Indirect communication is a widely used communication paradigm in distributed systems. It decouples distributed entities — message senders and receivers from each other. Every indirect communication technique employs some intermediary service or component to achieve the indirection between distributed entities. Among other indirect communication techniques, Message Broker provides the indirection for publish-subscribe and message queue systems.
This article provides a theoretical and technical background of message broker systems and a performance comparison of commonly used message broker systems today like ActiveMQ, RabbitMQ, Kafka, and AWS SQS.
The Architectural Elements in Distributed Systems
George Coulouris, et al. describes system models for distributed systems in their book.
As it depicts in above figure, the distributed systems compose of two main architectural elements: distributed entities and communication paradigms. Distributed entities represent any computation processes that communicate with each other over the network using some communication paradigms.
There are three main communication paradigms in distributed systems: interprocess communication, remote invocation, and indirect communication. Both interprocess communication and remote invocation have two aspects in common.
Firstly, the identities of distributed entities are known to each other. Secondly, the entities exist at the same time. That is, distributed entities in interprocess communication and remote invocation paradigms communicate directly with each other; hence, identities of distributed entities are known to each and should exist at the same time. But most of the modern distributed applications do not follow these aspects.
For example, applications running on mobile devices may not get unique network identities while devices switch over different networks. Also, they can be unavailable at any time. The indirect communication paradigm addresses these problems allowing space and time uncoupling of distributed entities.
Space uncoupling: The distributed/communication entities do not know identities of each other. This property provides great flexibility in designing distributed systems. It allows replication of distributed entities to improve scalability and fault tolerance.
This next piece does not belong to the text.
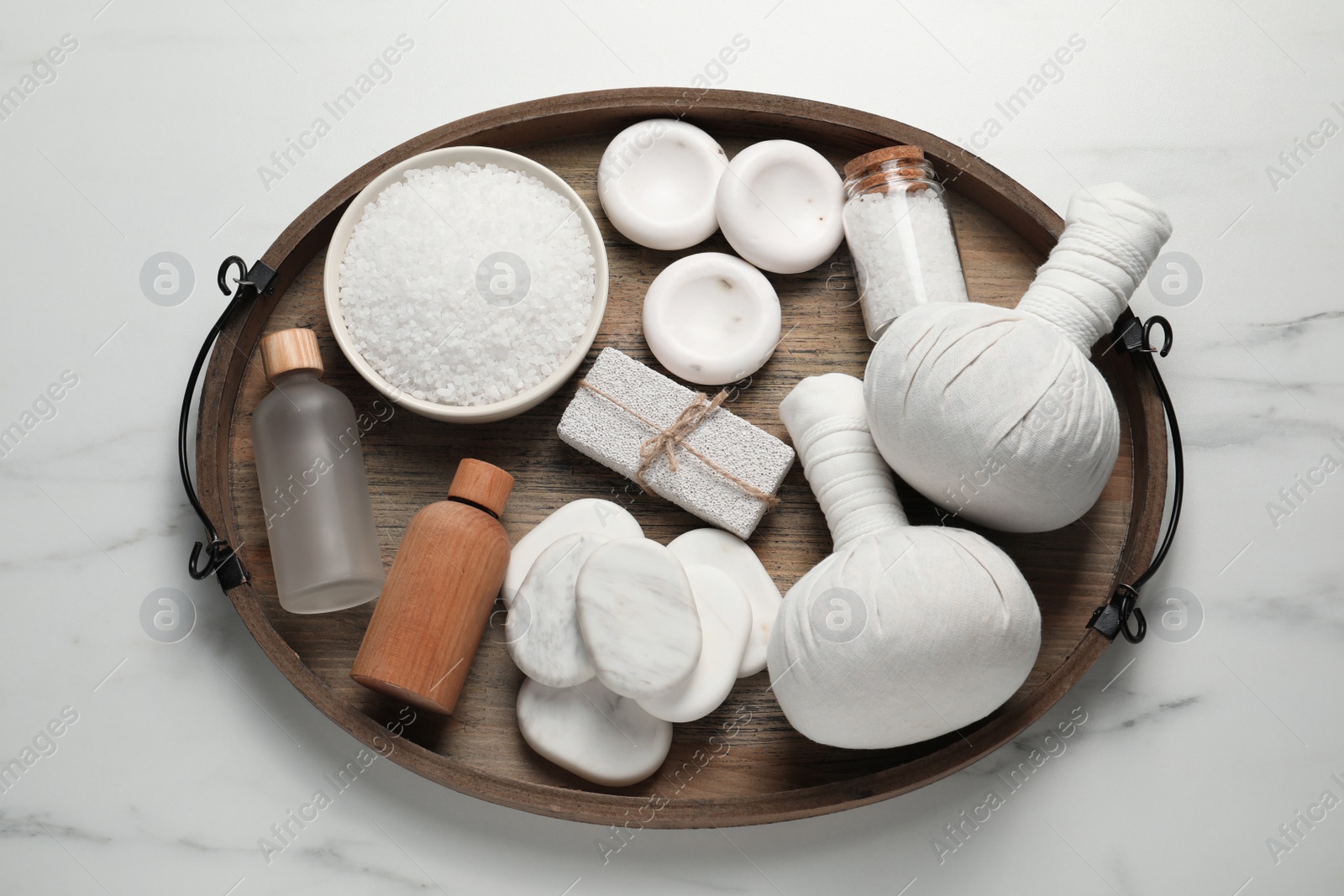 Photo of Composition with herbal massage bags and other spa products on light grey marble table, top view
Also, it allows easy upgrade and migration of system components.
Time uncoupling: The distributed/communication entities do not need to exist at the same time. This property allows distributed entities to have their own lifetime.
Indirect Communication Paradigm
There are four main techniques in indirect communication paradigm. All these techniques provide space and time uncoupling for distributed entities via some intermediary service component.
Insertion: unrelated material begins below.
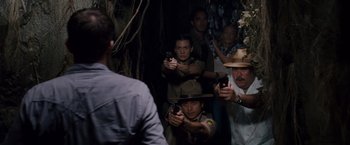 Movie still from “Beverly Hills Chihuahua” (2008), directed by Raja Gosnell – A group of people standing in a room holding guns; Medium shot, High angle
As shown in the following figure, the indirect communication techniques can be categorized into two groups based on their technical design. In state-based models, the distributed entities are decoupled via an intermediary service that manages shared states for distributed entities. In the message-based approach, distributed entities communicate with each other by publishing or sending messages to an intermediary service, which ensure reliable message delivery on relevant entities.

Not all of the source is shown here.